Taxation of Securities Received as a Gift
Understanding how to value a gift is one thing; knowing the cost basis the recipient inherits is where the exam gets tricky. When you receive securities as a gift, your cost basis depends on whether the gift was appreciated or depreciated at the time of transfer.
The Dual Basis Rule
The cost basis for gifted securities follows a set of rules that create three possible outcomes depending on the sale price:
| Scenario | Cost Basis Used | Holding Period |
|---|---|---|
| Sale at a gain (sale price > donor's basis) | Donor's original cost basis (carryover basis) | Donor's holding period tacks on |
| Sale at a loss (sale price < fair market value (FMV) on date of gift) | FMV on the date of the gift | New holding period starts on gift date |
| Sale price between donor's basis and FMV at gift | No gain or loss recognized | N/A |
- The dual basis rule applies only when the FMV at the time of gift is lower than the donor's original cost basis (a gift of depreciated property)
- If FMV at gift is equal to or greater than the donor's basis, the donee simply uses carryover basis in all cases
Gift of Appreciated Securities (Simple Case)
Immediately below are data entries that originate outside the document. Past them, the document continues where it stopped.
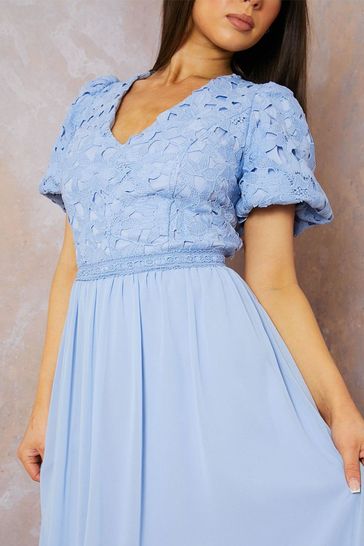 Lace midi dress with sleeves clearance
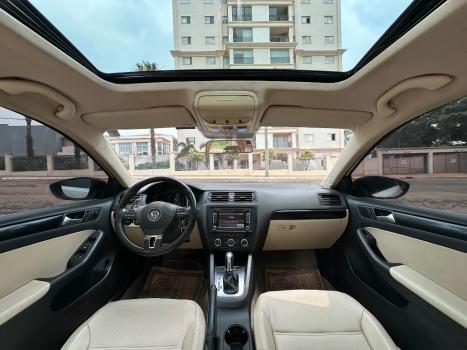 VOLKSWAGEN Jetta 2.0 4P FLEX CONFORTLINE TIPTRONIC AUTOMÁTICO, Foto 7 VOLKSWAGEN Jetta 2.0 4P FLEX CONFORTLINE TIPTRONIC AUTOMÁTICO, Foto 7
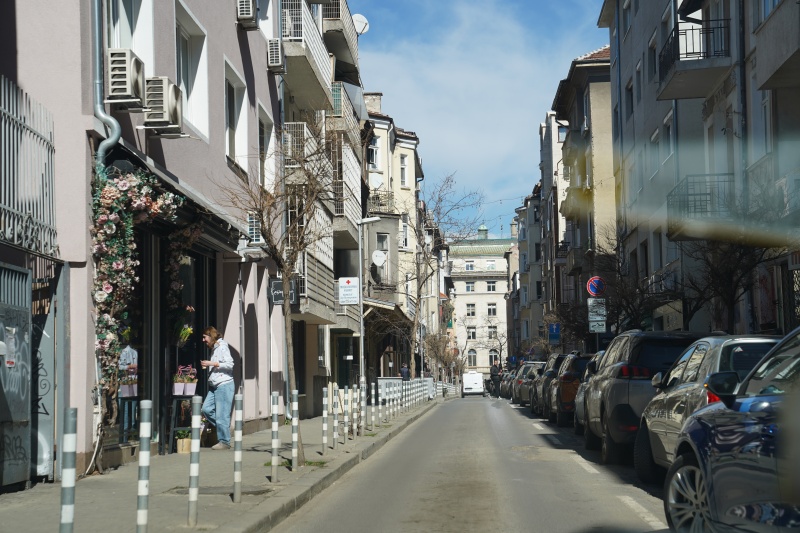 some street down town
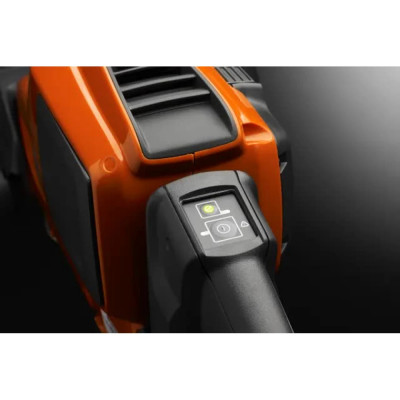 Кусторез телескопический аккумуляторный Husqvarna 520iHT4 (без АКБ и ЗУ) (9679712-03)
When the gift has gone up in value, the rules are straightforward:
Example:
- Donor bought stock at $30/share
- FMV when gifted is $80/share
- Donee's cost basis: $30 (carryover basis from donor)
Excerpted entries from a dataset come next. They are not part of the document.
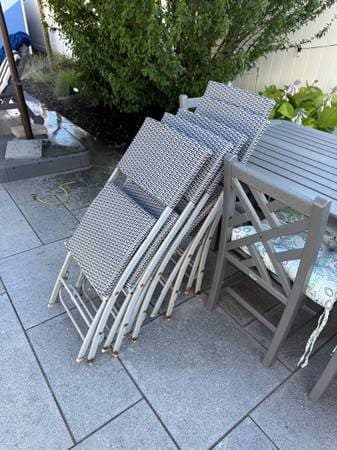 6 folding counter height outdoor bar stools- free 2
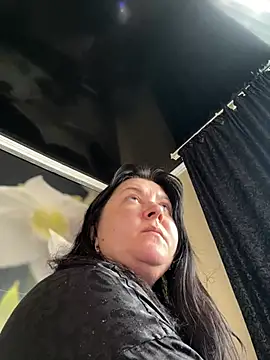 Snapshot of Liza_Will chatting on 02-11-26, 11:37 Liza Will online show from 02-11-26, 11:37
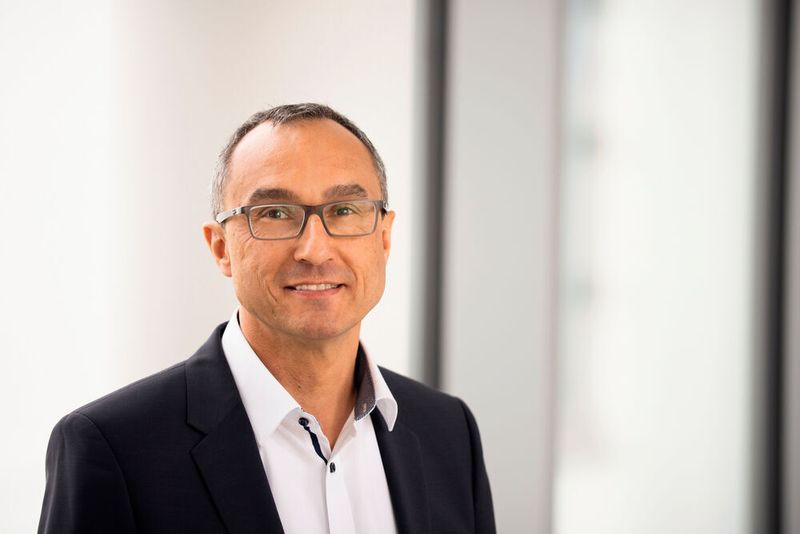 „Durch die verschiedenen, individuell einstellbaren Parameter eröffnen sich ganz neue Möglichkeiten hinsichtlich Bauteildesign und effizienter sowie CO2-reduzierter Prozessgestaltung“, sagt Dr. Karl Blitzer, Leiter Produktmanagement Delo. (Delo)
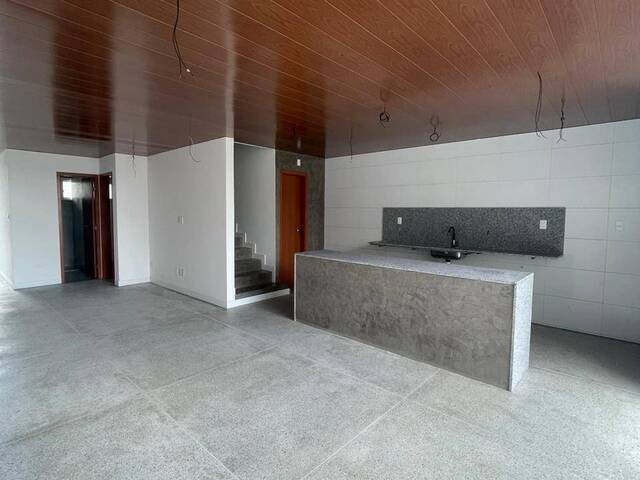 Casa para Venda em Feira de Santana - 5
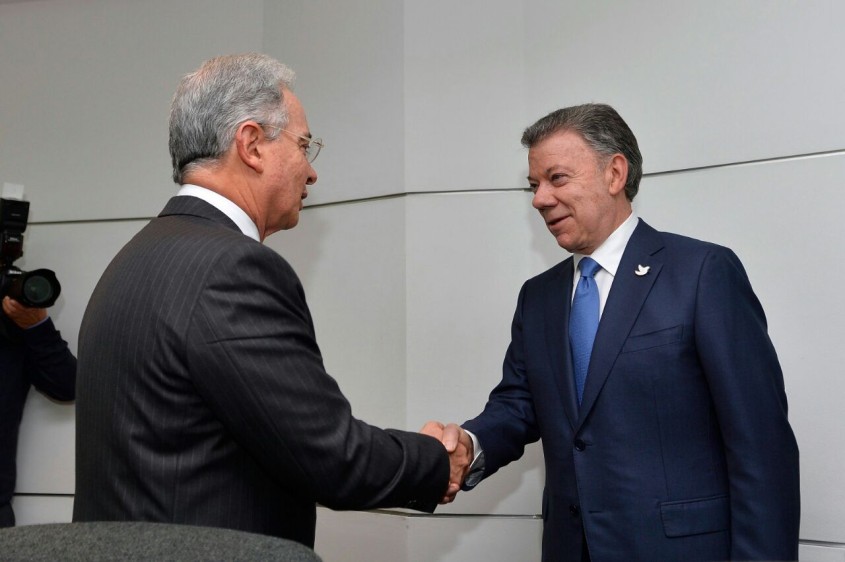 El expresidente Álvaro Uribe y los promotores del No se reúne con el presidente Juan Manuel Santos en la Casa de Nariño. FOTO CORTESÍA PRESIDENCIA DE LA REPÚBLICA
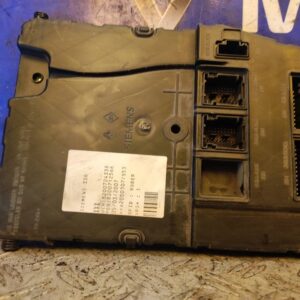 CAJA RELES / FUSIBLES 100663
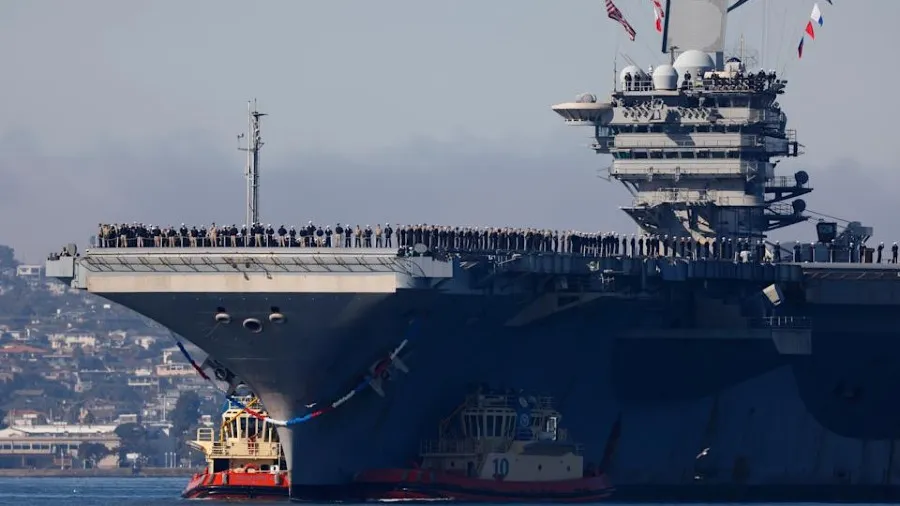 美以攻伊｜伊朗稱無人機擊中美軍林肯號航母 美軍暫未回應的封面圖片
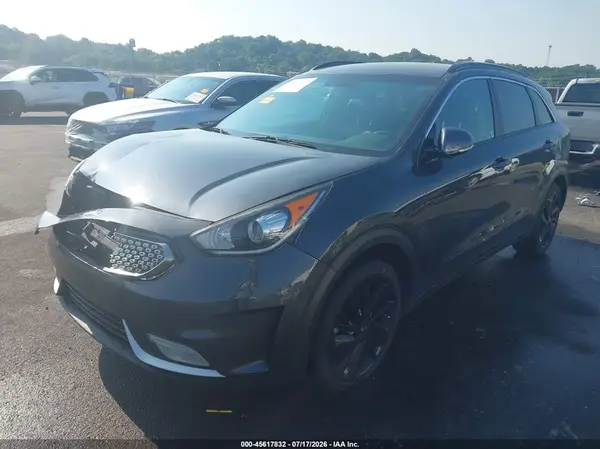 KNDCC3LC7J5134357 2018 KIA NIRO - Image 2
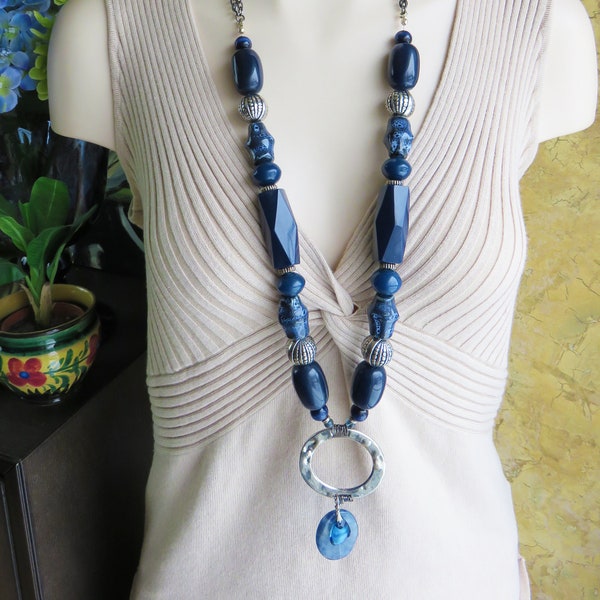 collier ethnique long bleu marine, CO631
- Donee's holding period: Donor's original acquisition date tacks on
If the donee sells at $100:
- Capital gain = $100 - $30 = $70
- Long-term if the combined holding period (donor + donee) exceeds 1 year
Exam Tip: Gotchas
- For appreciated gifts, always use carryover basis (donor's basis). The holding period also carries over from the donor.
Gift of Depreciated Securities (The Tricky Case)
When the gift has lost value, the dual basis rule creates a "no man's land":
Example:
- Donor bought stock at $80/share
- FMV when gifted is $50/share
Three possible outcomes based on sale price:
| Sale Price | Basis Used | Result |
|---|---|---|
| $90 | $80 (donor's basis) | $10 gain |
| $40 | $50 (FMV at gift date) | $10 loss |
| $60 | Neither | No gain or loss |
The zone between $50 and $80 is the "no man's land": any sale in this range results in zero taxable gain or loss.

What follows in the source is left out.